The University Library of Southern Denmark (, abbr. SDUB) is a library network in Denmark. It acts as a knowledge center for the entire region of Southern Denmark, with departments in six cities. Researchers and students at the University of Southern Denmark are its primary users, but companies, organizations and educational institutions, such as upper secondary schools, are also among its users.

History
In 1999, Odense University, the Southern Denmark School of Business and Engineering and the South Jutland University Centre were merged to form the University of Southern Denmark (SDU). The research libraries belonging to these institutions were merged to form the University Library of Southern Denmark.

In 2006, the Odense University College of Engineering was merged into SDU. At the same time, the Odense Technical Library became a part of SDUB. In 2007, the Business School Centre in Slagelse and the National Institute of Public Health and their libraries were also incorporated in the University of Southern Denmark.

During the last few years, some of the Library departments have been renovated. This has happened at the main library at Campusvej and in Kolding. The Technical Library will move to Campusvej in the summer of 2015.

Libraries

The University Library has several specialised sub-libraries and also collaborates with Odense University Hospital (OUH).  In Odense, there are the Mathematical Library, the Medical Research Library at OUH and the Music Department at the Carl Nielsen Academy of Music. The Music Department takes care of the jazz collection of the University Library of Southern Denmark, which is just one of the library's many special collections.

Collection
The University Library of Southern Denmark provides access to books, journals, newspapers, maps, musical scores, microfilms, and a wide variety of electronic resources. The library has about 1.6 million printed volumes and gives access to about 103.500 electronic journals, 427.000 e-books and a large number of online databases, 460 at the moment (all figures are from March 2015). The collections mainly cover the areas of study and teaching at the University of Southern Denmark, but practically all fields of study are represented at the library.

List of directors
 Torkil Olsen (1965-1982)
 Aase Lindahl (1982-2013, appointed temporarily 1982-86)
 Bertil F. Dorch (October 1, 2013 –)

Services
The University Library offers its users many services, including a number of services for researchers; bibliometrics and registration of research, and there are contact librarians for all institutes and centres.

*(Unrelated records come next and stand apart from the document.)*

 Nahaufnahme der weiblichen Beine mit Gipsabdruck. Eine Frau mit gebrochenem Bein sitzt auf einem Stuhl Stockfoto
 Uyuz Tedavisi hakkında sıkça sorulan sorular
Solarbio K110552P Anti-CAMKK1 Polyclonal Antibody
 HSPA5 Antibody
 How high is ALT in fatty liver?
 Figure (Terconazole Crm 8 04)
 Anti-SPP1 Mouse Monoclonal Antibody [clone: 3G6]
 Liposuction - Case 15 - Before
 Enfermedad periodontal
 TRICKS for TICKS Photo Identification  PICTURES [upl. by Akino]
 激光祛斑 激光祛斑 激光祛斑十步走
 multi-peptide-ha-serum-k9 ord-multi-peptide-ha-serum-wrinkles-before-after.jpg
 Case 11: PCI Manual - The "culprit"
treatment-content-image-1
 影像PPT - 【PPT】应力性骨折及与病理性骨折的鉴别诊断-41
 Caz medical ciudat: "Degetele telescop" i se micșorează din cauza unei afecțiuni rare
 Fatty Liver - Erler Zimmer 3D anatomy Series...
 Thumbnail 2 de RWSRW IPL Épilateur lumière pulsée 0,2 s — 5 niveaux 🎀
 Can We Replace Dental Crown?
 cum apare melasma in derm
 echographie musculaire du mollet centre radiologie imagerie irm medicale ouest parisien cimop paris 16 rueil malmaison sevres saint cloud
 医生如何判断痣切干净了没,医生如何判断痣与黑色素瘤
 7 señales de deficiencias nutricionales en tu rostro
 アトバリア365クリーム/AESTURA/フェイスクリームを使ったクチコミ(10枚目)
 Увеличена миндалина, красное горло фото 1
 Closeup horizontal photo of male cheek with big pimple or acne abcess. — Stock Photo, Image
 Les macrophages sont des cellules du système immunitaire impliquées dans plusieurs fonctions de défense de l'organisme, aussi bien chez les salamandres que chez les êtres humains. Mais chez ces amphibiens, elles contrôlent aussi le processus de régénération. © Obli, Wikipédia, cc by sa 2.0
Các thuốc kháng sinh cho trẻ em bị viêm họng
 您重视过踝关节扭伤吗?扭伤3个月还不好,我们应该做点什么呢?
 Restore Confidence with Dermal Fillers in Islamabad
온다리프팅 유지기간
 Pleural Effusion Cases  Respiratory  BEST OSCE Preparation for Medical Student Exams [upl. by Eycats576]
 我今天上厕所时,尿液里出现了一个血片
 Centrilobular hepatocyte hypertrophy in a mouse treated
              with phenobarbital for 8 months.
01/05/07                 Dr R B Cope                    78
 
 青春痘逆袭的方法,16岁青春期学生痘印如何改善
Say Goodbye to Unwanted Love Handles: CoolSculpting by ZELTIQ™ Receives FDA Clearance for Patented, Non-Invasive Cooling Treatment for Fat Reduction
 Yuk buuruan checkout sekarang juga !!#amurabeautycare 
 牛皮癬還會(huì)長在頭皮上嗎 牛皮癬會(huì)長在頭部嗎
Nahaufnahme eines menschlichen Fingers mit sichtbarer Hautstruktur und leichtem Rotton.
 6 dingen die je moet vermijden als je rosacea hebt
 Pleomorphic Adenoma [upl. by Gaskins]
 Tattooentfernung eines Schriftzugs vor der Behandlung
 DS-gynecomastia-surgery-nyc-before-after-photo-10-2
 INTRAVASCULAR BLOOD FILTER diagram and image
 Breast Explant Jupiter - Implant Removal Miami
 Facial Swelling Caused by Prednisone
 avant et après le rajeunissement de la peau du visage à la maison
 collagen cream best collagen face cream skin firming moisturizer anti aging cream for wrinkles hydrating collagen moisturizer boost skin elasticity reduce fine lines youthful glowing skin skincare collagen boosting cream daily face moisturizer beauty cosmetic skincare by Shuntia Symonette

Furthermore, the library offers e.g. course resources and Libguides, and provides many courses for users on information searching and academic conduct in various connections. The library, together with a number of other units and academic milieus at SDU, has also established a Learning Commons, where students can get help with generic academic competences.

Collaboration
The University Library of Southern Denmark participates in the national library collaboration of libraries, and therefore we can get books from all public libraries and research libraries in Denmark. The library also collaborates with partners in other countries on giving access to books and journals, both in printed and digital formats.

The Library collaborates with various external institutions, e.g. Denmark’s Electronic Research Library (DEFF), on providing services for researchers and students. This has resulted in the development of a number of online resources on plagiarism (Stopplagiat.nu), academic information management (the UB-test), and information literacy (BINKO 2.0). This last is an open source tool, and can be freely used by educational establishments who can customize it for their own students.
This has resulted in a range of online tools concerning plagiarism (Stopplagiat.nu), academic information management (UB-testen) and information literacy (BINKO).  The last-mentioned tool is open source and can, therefore, be freely used by teaching institutions in order to adapt it to their own students.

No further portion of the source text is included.